From Casale et al., 2009: “The Cholevidae are a group of Coleoptera Staphylinoidea which has undergone several changes in taxonomy and nomenclature. Cholevidae were related, during the XIXth century, to the families Scaphidiidae or Anisotomidae; a single genus (Leptodirus Schmidt, 1832) was also related to the Scydmaenidae. From the beginning of the last century they were included in the Silphidae when Jeannel, in a series of works culminating in a monograph (Jeannel 1936), separated the family Catopidae (and other families) from the Silphidae.
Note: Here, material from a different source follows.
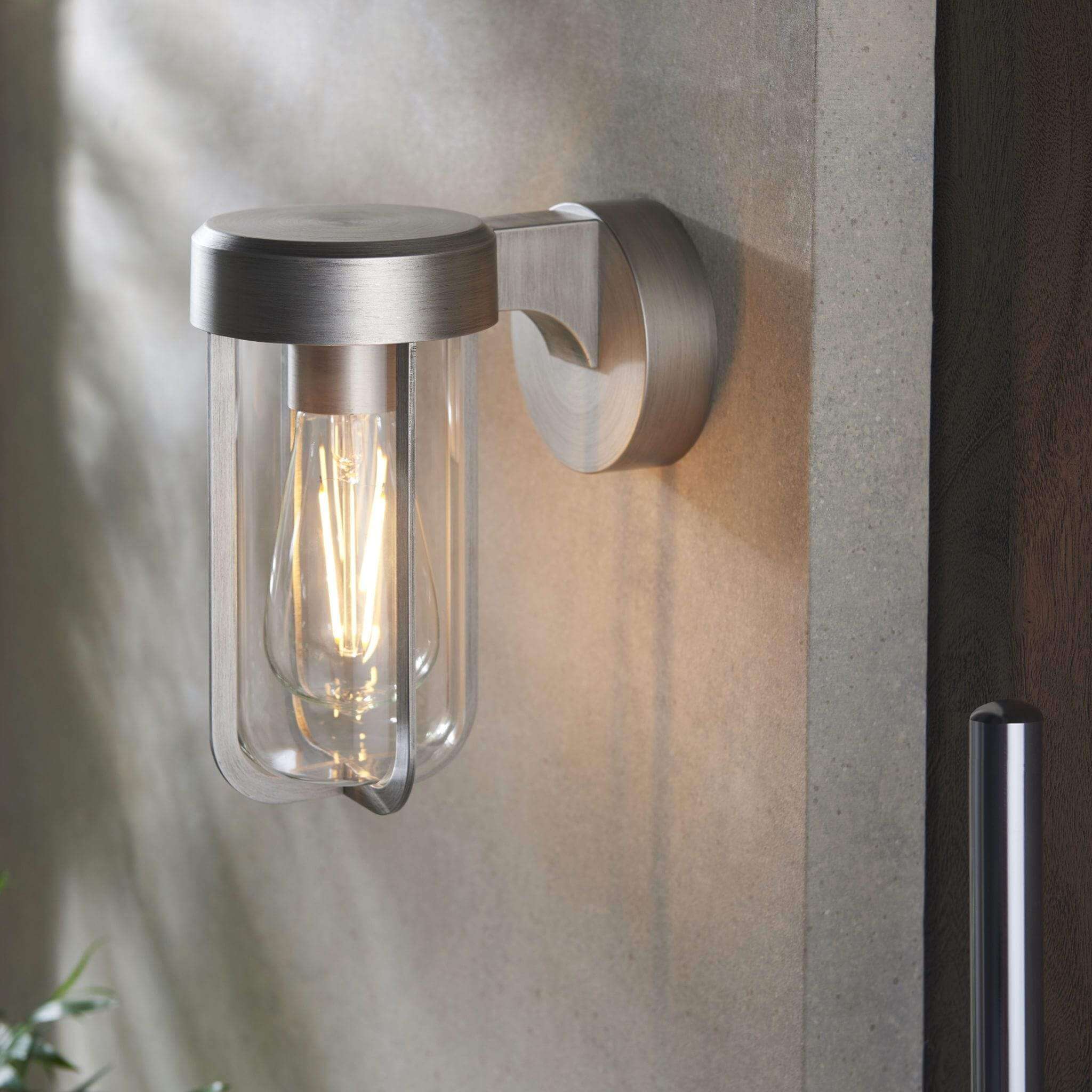 Aire I IP44 Wall Light - Brushed Silver - escapologyhome.co.uk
In accordance with the principle of priority, the name Catopidae was recently changed to Cholevidae by Zwick (1979); this taxon is currently widely treated as a subfamily (Cholevinae) of the family Leiodidae, and is divided into several tribes and subtribes (see Newton 1998; Perreau 2000, 2008).
From Casale et al., 2009: “Cholevidae live in all continents, Antarctica excluded, and are represented by small and medium-sized species (from 0.8 to 9 mm).” From Schilthuizen et al., 2011: “They are ovoid in body shape, brown, grey or black, and as adults distinguishable only by subtle differences in the proportions of antennal articles, pronotal shape, and the genitalia (Jeannel, 1936); identification of the larvae is equally cumbersome (Zwick, personal communication). A significant percentage of Cholevidae are cave-dwellers, and some are highly specialized troglobitic elements (such as the subfamily Leptodirinae) or specialized inhabitants of mammal nests and burrows (e.g., the genus Choleva).”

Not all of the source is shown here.